• **Data segment**:
····················
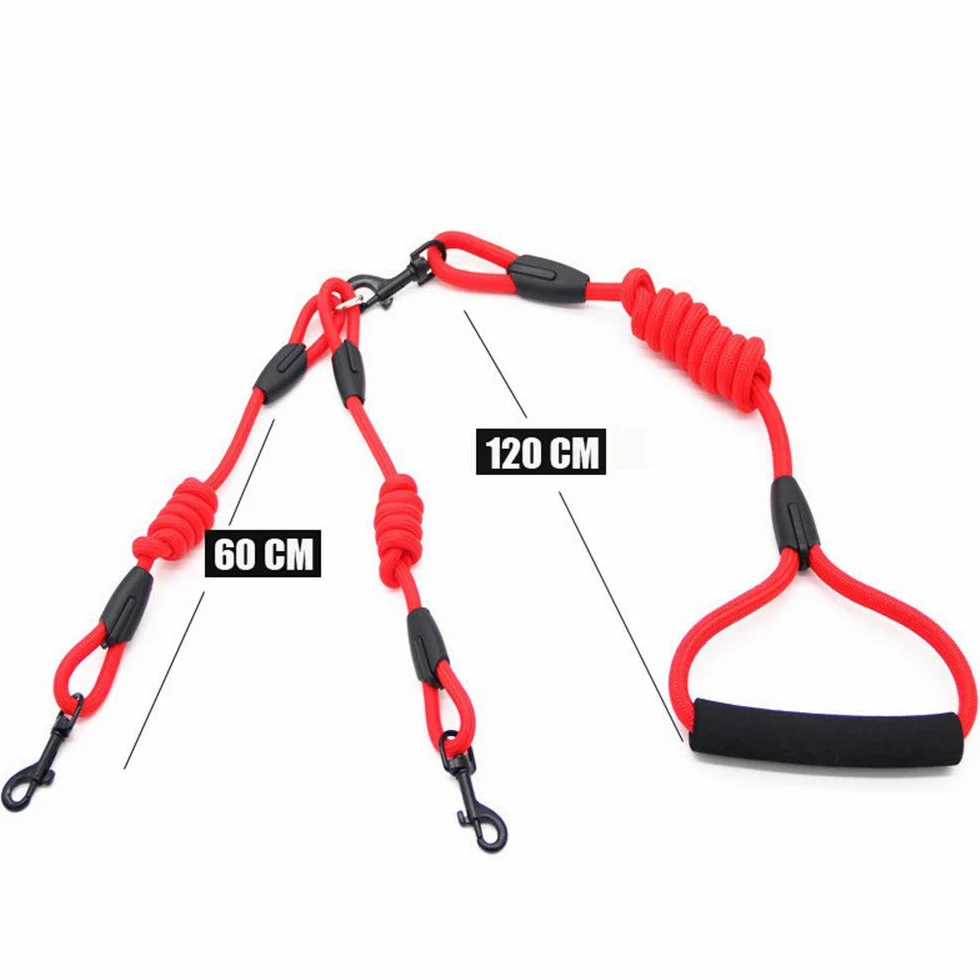 Guinzaglio per cani doppia corda in nylon da passeggio due cani accoppiatore guinzaglio doppio doppio guinzaglio da passeggio collare opzionale corda da tirare 1 pezzo corda rossa L 1.0 cm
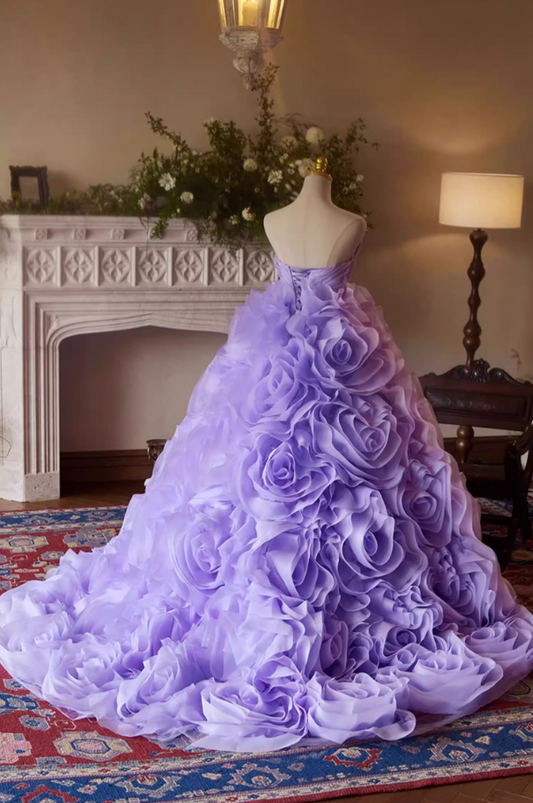 Fitted A-Line Strapless Pleated Sweet 16th Dresses Handmade Flowers Prom Dress AP5388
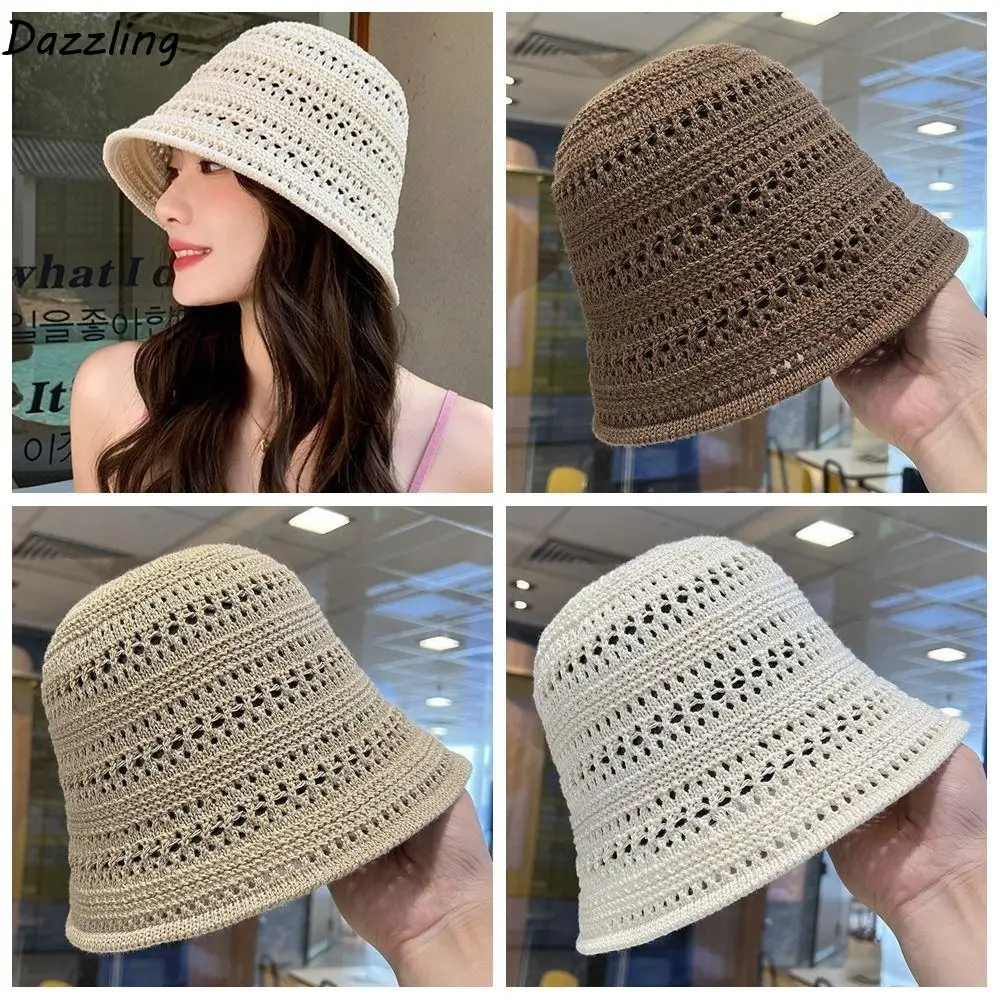 

Elegant Sweet Straw Sun Hat French Style Temperament Seaside Beach Cap Visor Cap Hollow Out Knitted Bucket Hat Girls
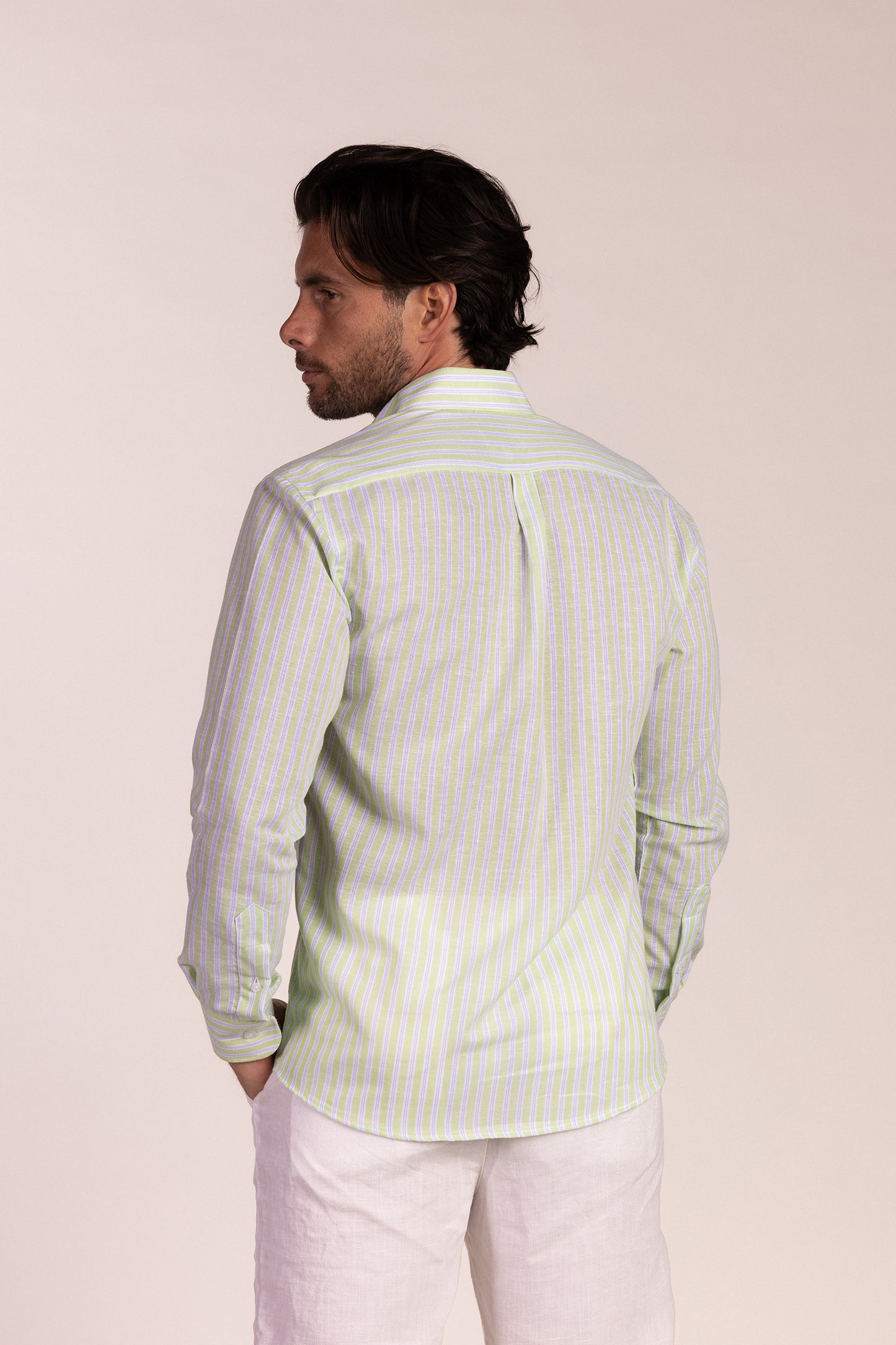 Camisa Lino Raya Manzana | Cártama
····················
• **What needs to be done**: The answer must be the whole listing, word for word, with no pictures in it. Please write it out.

• **Answer to this task**:
 Guinzaglio per cani doppia corda in nylon da passeggio due cani accoppiatore guinzaglio doppio doppio guinzaglio da passeggio collare opzionale corda da tirare 1 pezzo corda rossa L 1.0 cm
 Fitted A-Line Strapless Pleated Sweet 16th Dresses Handmade Flowers Prom Dress AP5388

Elegant Sweet Straw Sun Hat French Style Temperament Seaside Beach Cap Visor Cap Hollow Out Knitted Bucket Hat Girls
 Camisa Lino Raya Manzana | Cártama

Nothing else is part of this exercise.